Fastest rep SCASD, 12 million items. AMD x64

Question about which tools to use, bugs, the best way to implement a function, etc should go here. Don't forget to see if your question is answered in the wiki first! When in doubt post here.
tsdnz
Member
Member
Posts: 333
Joined: Sun Jun 16, 2013 4:09 am

Fastest rep SCASD, 12 million items. AMD x64

Post by tsdnz »

Hi, I am looking at looping through 12 million dwords to find a specific match.
I know rep SCASD is fast but I was wondering if using prefetch before using custom code would be faster.
I am not sure if rep does prefetch internally??

I was thinking something like

[x], where x is a byte
1. Prefetch [x + (16*4)]
2. Load 16 dwords using 8 x64 registers, starting at [x], then [x + 4], [x + 8], etc..
3. Then OR all x64 registers and do bit test with DWORD to look for, if match goto 10.
4. increase x by (16 * 4)
5. goto step 1 until end.

10. Check each register manually to make sure a match was found
11. No actual match, goto 1.
12. Match found.......

Hope this makes sense.

Any great ideas out there?

Regards, Alistair
User avatar
Brendan
Member
Member
Posts: 8561
Joined: Sat Jan 15, 2005 12:00 am
Location: At his keyboard!
Contact:

Re: Fastest rep SCASD, 12 million items. AMD x64

Post by Brendan »

Hi,
tsdnz wrote:Any great ideas out there?
My great idea is: profile it on many different CPUs.
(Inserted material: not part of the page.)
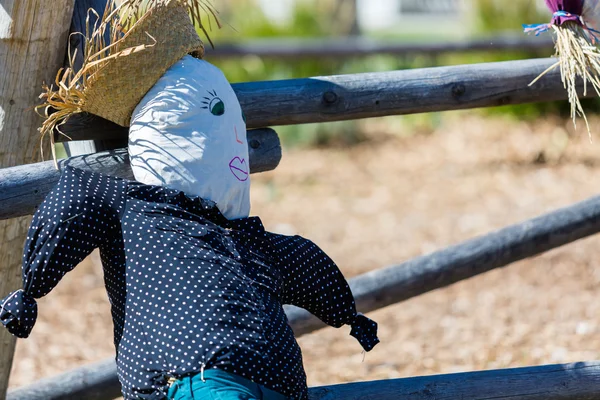 Handgemaakte scarecrow voor Halloween — Stockfoto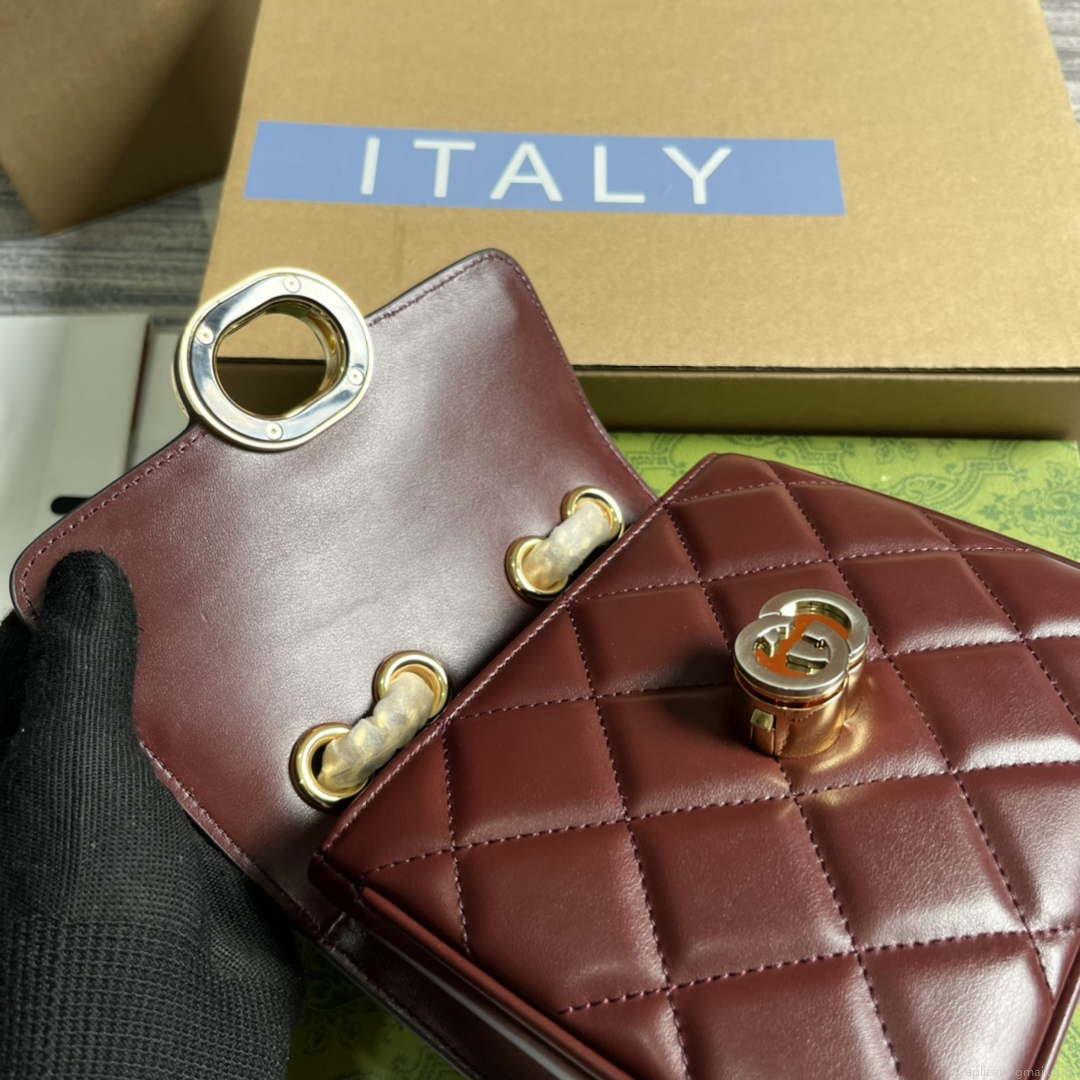 Gucci ‎741457 Gucci Deco Mini Shoulder Bag Wine Red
I can guarantee that on different CPUs you'll get different results. I can also guarantee that any solution that uses MMX, SSE or AVX will not be faster than "rep scasd" on 80486 CPUs. ;)


Cheers,

Brendan
For all things; perfection is, and will always remain, impossible to achieve in practice. However; by striving for perfection we create things that are as perfect as practically possible. Let the pursuit of perfection be our guide.
tsdnz
Member
Member
Posts: 333
Joined: Sun Jun 16, 2013 4:09 am

Re: Fastest rep SCASD, 12 million items. AMD x64

Post by tsdnz »

Great, thanks.
tsdnz
Member
Member
Posts: 333
Joined: Sun Jun 16, 2013 4:09 am

Re: Fastest rep SCASD, 12 million items. AMD x64

Post by tsdnz »

Do you know if rep uses both pipes or does it use one?
User avatar
Brendan
Member
Member
Posts: 8561
Joined: Sat Jan 15, 2005 12:00 am
Location: At his keyboard!
Contact:

Re: Fastest rep SCASD, 12 million items. AMD x64

Post by Brendan »

Hi again,

Some notes...

Most CPUs detect sequential accesses and do hardware pre-fetching (which includes the "rep scasd" case). It's possible (for some CPUs) that software pre-fetching will make things worse.

Hardware pre-fetching will not cross page boundaries, takes about 3 misses to trigger it, and will fetch an unnecessary cache line after you stop. There is room for improvement here.

Software pre-fetching will not pre-fetch at all if there's a TLB miss. Depending on usage; the fastest pre-fetching method may involve doing a dummy read for the first cache line in each page (to trick the CPU into doing a "TLB fetch") followed by software prefetching for the remaining cache lines in the page.

For software pre-fetching, there's an "optimal pre-fetch distance". You don't want to pre-fetch too early (as the pre-fetched data can be evicted before you actually use it) and you don't want to pre-fetch too late (so the data hasn't arrived before you need it). The "optimal pre-fetch distance" is different for different CPUs and also depends on RAM chips, etc (how quickly a CPU can fetch from RAM).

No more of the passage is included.